于是,雅纪深深吸了一口烟,不疾不徐地——回望裕太。

“我没有对沙也加解释,是因为懒得将事情再重头说明一遍。唉,那一刻,看到沙也加脸色铁青的那一刻,我心里的确想着——啊,这次大概不行了。因为沙也加是女人,而女人终究无法原谅那方面的事情吧?”

“那小尚呢?”

霎时,雅纪略为眯起眼睛,语气异常淡漠地说:

“尚和沙也加不一样,他是‘纯真的小孩子’。如果我对尚说不准泄露,他就一定会保密到底。所以啦……”

裕太忍不住想挑战雅纪那种冷然的态度。

“所以——因为小尚对雅纪哥言听计从,雅纪哥便拥抱小尚当做奖励?”

如果多少能打探出雅纪的真心,那么就算被他憎恨也无所谓。裕太想。

“为什么是小尚?”

现在——倘若让这次机会溜走,之后便再也不可能从雅纪口中听到任何讯息。他就是有这样的感觉。

“雅纪哥不是有很多女朋友吗?想陪你上床的女人,应该多到必须排队吧?既然如此,你为什么连小尚都不放过?如果是为了找人当他*的替身,又何必非小尚不可……姐姐不也可以吗?难道——因为小尚不会怀孕,所以你才选择他?”

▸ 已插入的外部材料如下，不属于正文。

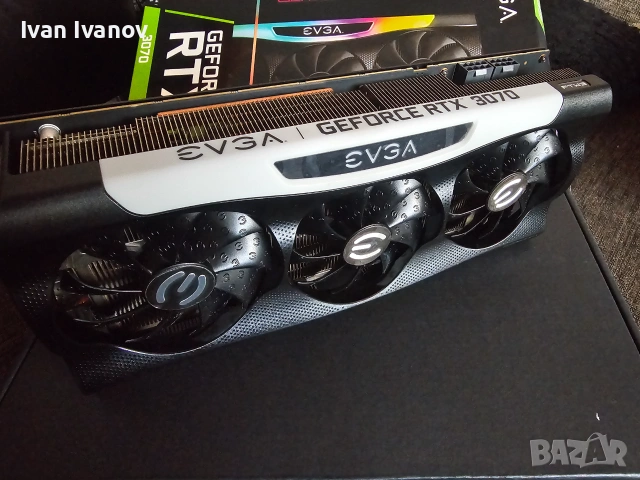 RTX3070 & RTX3080, снимка 4 - Видеокарти - 55182791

雅纪捺熄抽到一半的烟,将背部深深埋入沙发,嘴角微微上扬。

“没想到……我和你会有论及这些的一天。裕太,你——很讨厌我吧?”

“非常讨厌。可是,你那种看透一切……的表情,还有完全不把我放在眼里的态度,我更讨厌。”

顿时,宛若故意挖苦似地,雅纪从喉间发出笑声。

然后——

“初体验发生在十七岁,不知道算早还是算晚……第一次的对象是自己母亲,的确是沉重的经验。不过事到如今,已经无所谓了。”

好像在说别人的事情般,雅纪流畅地说。

“我的确和妈妈上床了。不过,妈妈却不是这么想的。因为我一直是爸爸的替代品。”

“什么意思?”

“当时,妈妈已经……神志不清了。否则,她怎么会突然对自己的儿子下手呢。”

原本该是充满苦涩的告白才对,但雅纪的口吻未免过于冷淡,以致裕太还无法反应过来。

“哼,不管初衷是什么,一旦偏离了‘正道’,之后不管再做几次都一样——这是我的想法。所以,我并不打算将所有的错怪到妈妈身上。”

索性和盘托出的坦白态度,让裕太呜地皱起眉头。

“那也不能因为这样就找小尚啊?”

“我虽然和妈妈上床,但是并没有沉溺其中。沙也加一直是那样子,对我而言太沉重了。而你就像不懂得亲近人的宠物,一点都不可爱。”

被批评一点也不可爱的裕太,下意识嘟起了嘴巴。

“裕太,只有尚能让我发情。”

“发…发情……”

“只是做的话,随便哪个女人都可以。我又不是硬不起来。可是,哪怕对方是大美人,我都没有舒服的感觉。就算身体是热的,脑子却莫名地冷静。那就像……只是将积满的东西倒出来,不管对象是谁都一样。我一度以为这辈子就这么完了。可是我错了。”

如此叙说的雅纪,脸上浮现了近似自嘲的神情。

“光是看到尚那张纯真的笑脸,我的下腹便开始发痒。等我意识到自己竟在脑中不断侵犯尚的时候,真的……连我都害怕起自己了。我居然对小五岁的弟弟产生欲望,这不是禽兽是什么?所以——我逃开了。”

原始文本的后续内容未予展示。